Research of camel shanks proteinhydrolyzates by electrophoregram

The growing well-being of the population, rapid growth, and urbanization require improved use of existing protein sources along with the development of new and sustainable food production. World protein demand is expected to double by 2050. This is due to the growing recognition of the critical role of protein in healthy eating in general, and especially for children and a growing elderly population. Meat products are essential sources of protein in the human diet and contain essential amino acids, minerals, and vitamins [1].

Proteins, components necessary for all organisms, are integrated into cellular structures and perform certain functions, as in the case of hormones, antibodies, and enzymes [2]. Secondary products of fish, livestock and poultry processed are a source of protein and other vital nutrients with potential biological active properties, suitable for further processing and improving the value of other products. These include heads, bones, carcasses, blood, skin, viscera, hooves, and feathers. There are many possible solutions to extract valuable nutrients from these substances, and one of the most effective and promising is to obtain a protein hydrolyzate.

Recent scientific evidence suggests that dietary proteins not only serve as nutrients but can also modulate the physiological functions of the body [3]. Protein hydrolyzates of meat byproducts represent an exciting alternative to soy flour, since there are no nutritional factors or allergenic proteins, and large amounts of all essential amino acids are present [4].

Protein hydrolysates can be obtained by hydrolysis of meat products or secondary raw materials under the action of proteolytic enzymes or chemical agents. These hydrolyzates are composed of protein fragments: peptides of various sizes; poly-, three- and dipeptides and free amino acids, which are effectively absorbed in the intestine, and also significantly affect the taste of food [5]. Enzymatic hydrolysis is preferred among hydrolysis methods and has advantages associated with the internal characteristics of enzymes, such as selectivity for substrates, and processes carried out under milder thermal conditions [6, 7].

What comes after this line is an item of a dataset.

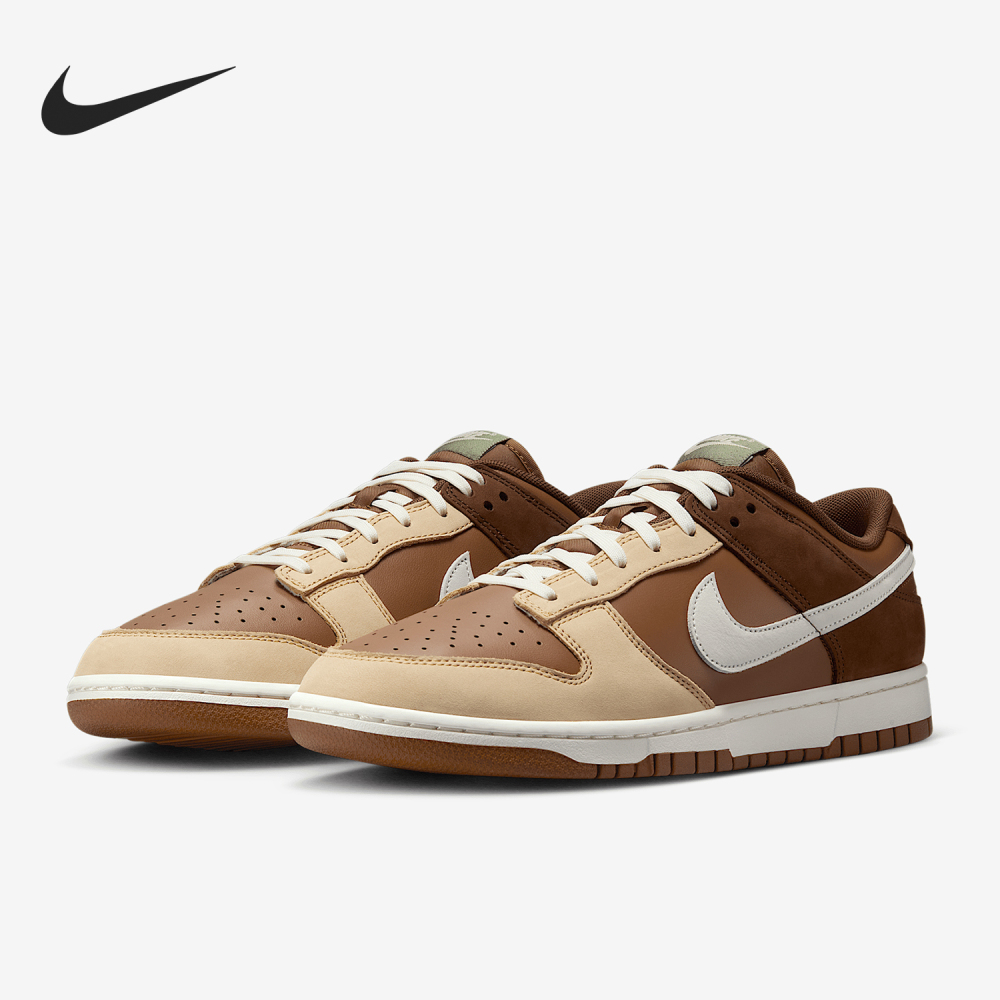 Nike genuine DUNK LOW men's and women's classic casual low top retro board shoes HV1794-211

During enzymatic hydrolysis, the molecular weight of intrinsic proteins and peptides decreases, and the number of ionized groups increases, which leads to the appearance of new peptides that are less and more soluble in water. Enzymatic hydrolysis can be carried out either by using endogenous enzymes that are found naturally in the substrate or by adding commercially available exogenous enzymes [8].

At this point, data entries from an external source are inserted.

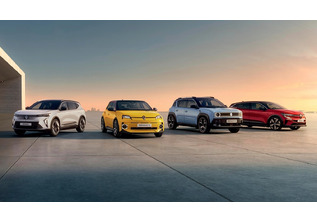 PROMOCIÓN GAMA RENAULT E-TECH ELÉCTRICA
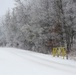 Fort McCoy Winter Rime Ice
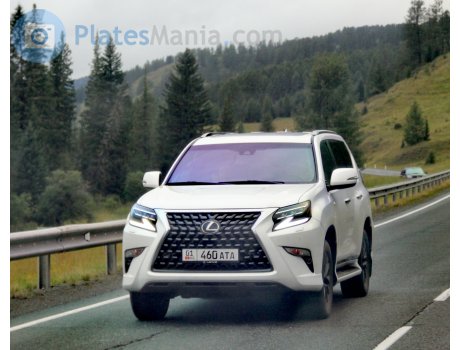 01 460 ATA, Lexus GX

The hydrolysis process involves several variables; specificity and activity of the enzyme, the ratio of the enzyme/substrate, pH, temperature, time, and the interaction between the nutrients present in the feed during hydrolysis [6].

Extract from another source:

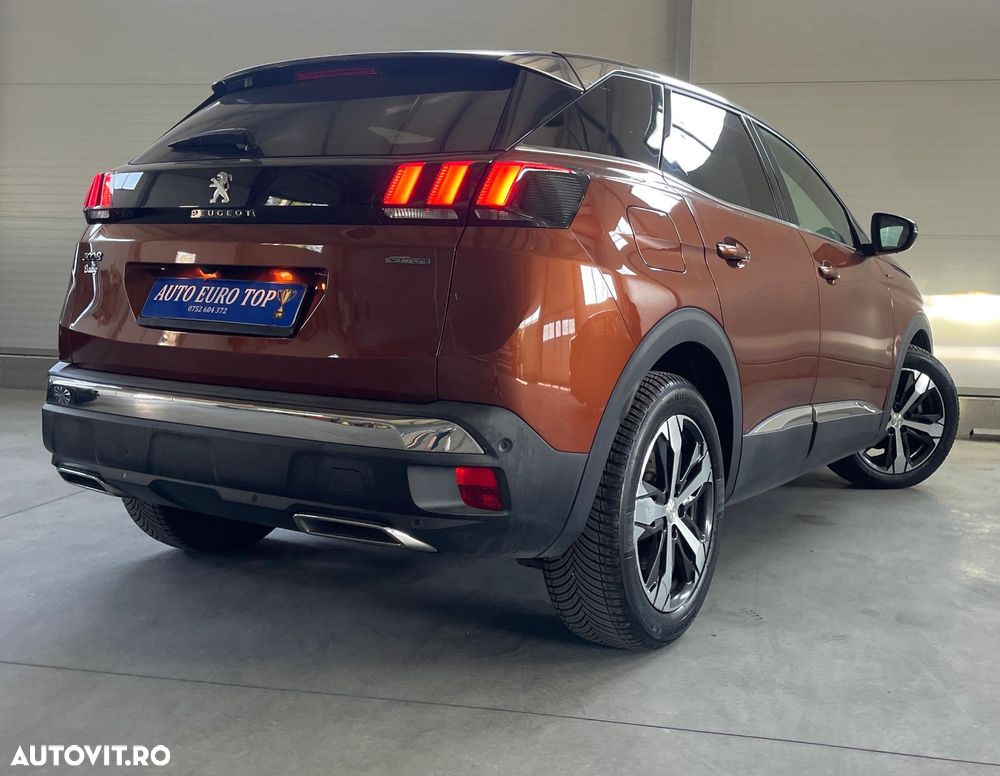 Peugeot 3008 1.6 THP EAT6 GT-Line - 12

Obtaining protein hydrolyzates is a promising alternative to add value to meat products. Also, protein hydrolyzates can improve and change the functional, physicochemical, and sensory properties of meat products [9].

Objects and methods of research

Camel shanks, samples of liquid and dry hydrolyzate were the objects of research.

The following techniques were used in the research process:

• -    Determination of protein by the Bradford method;

• - The fractional composition of protein hydrolyzates was determined on an electrophoregram BIO-RAD Consort EV265;

• -    Electrophoregrams of the studied samples were analyzed on a densitometer. Electrophoregram processing was done using the BioCapt program (VilberLourmat, France).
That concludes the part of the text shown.